Admin Guide
Synapse-AssemblyLine Admin Guide
Configuration
Synapse-AssemblyLine requires an AssemblyLine API key and username. For information on how to sign up, please see your AssemblyLine instance.
Setting API username and key for global use
To set-up a global API key:
> assemblyline.setup.apikey myapiuser myapikey
Setting AssemblyLine API username and key for all users.
Setting the API Endpoint for global use
To configure a global API endpoint:
> assemblyline.setup.endpoint "https://assembly.mydomain.com/"
Setting AssemblyLine API Endpoint for all users
Using per-user API keys
A user may set-up their own API key:
> assemblyline.setup.apikey --self myapiuser myapikey
Setting AssemblyLine API username and key for the current user.
Dependencies
Synapse-AssemblyLine does not have any dependencies.
Permissions
Package (synapse-assemblyline) defines the following permissions:
power-ups.assemblyline.user : Controls user access to Synapse-AssemblyLine. ( default: false )
power-ups.assemblyline.admin : Controls access to Synapse-AssemblyLine proxy settings. ( default: false )

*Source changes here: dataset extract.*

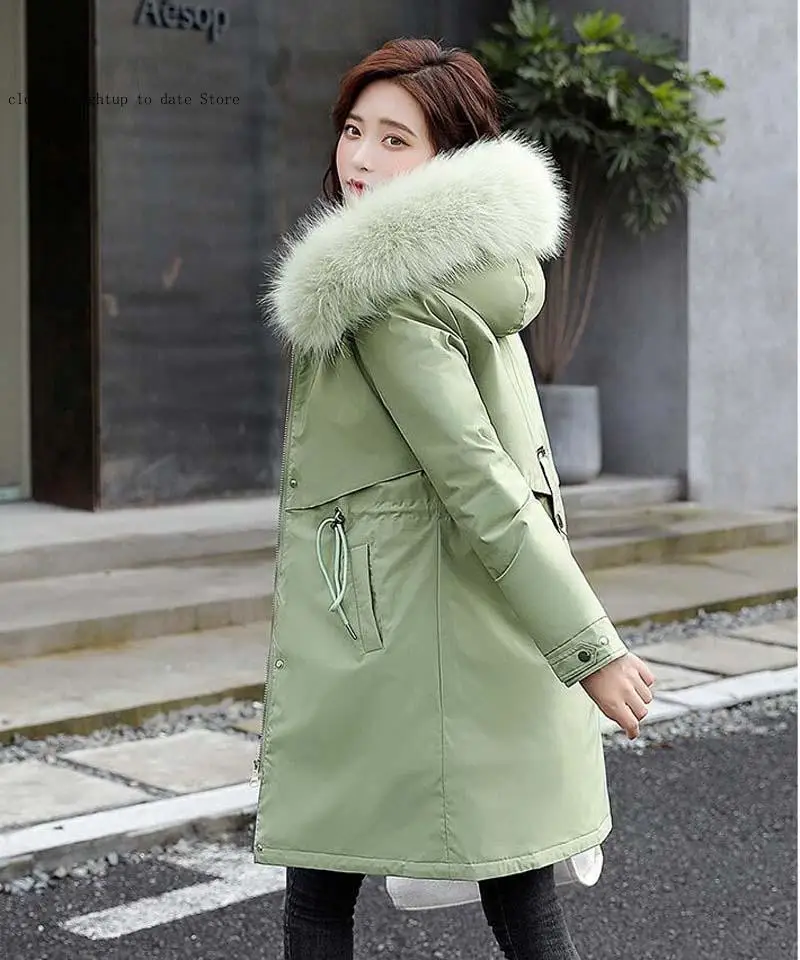 Female Fur Lining Thick Winter Coat Women -30 Degrees Snow Wear Long Parkas Winter Jacket Women Fur Hooded Clothing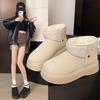 Women in Plus-size Platform Snow Boots 2025 Winter Short-cut Snow Cotton Fleece and Thickened Cotton Shoes for Women Wearing Cotton Shoes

You may add rules to users/roles directly from Storm:
> auth.user.addrule visi power-ups.assemblyline.user
Added rule power-ups.assemblyline.user to user visi.
or:
> auth.role.addrule ninjas power-ups.assemblyline.user
Added rule power-ups.assemblyline.user to role ninjas.
Workflows
Synapse-AssemblyLine provides the following workflows in Optic:
Title: Configuration
Node Actions
Synapse-AssemblyLine provides the following node actions in Optic:
Name : assemblyline.enrich
Desc : Enrich file:bytes and inet:url nodes using Synapse-AssemblyLine
Forms: inet:fqdn, inet:url, file:bytes, hash:sha256
Name : assemblyline.download
Desc : Download files from an AssemblyLine instance into the configured Axon.
Forms: file:bytes, hash:sha256
Name : assemblyline.submit
Desc : Submit a file in the configured Axon or an inet:url for processing.
Forms: file:bytes, inet:url, inet:fqdn
Onload Events
Synapse-AssemblyLine does not use any onload events.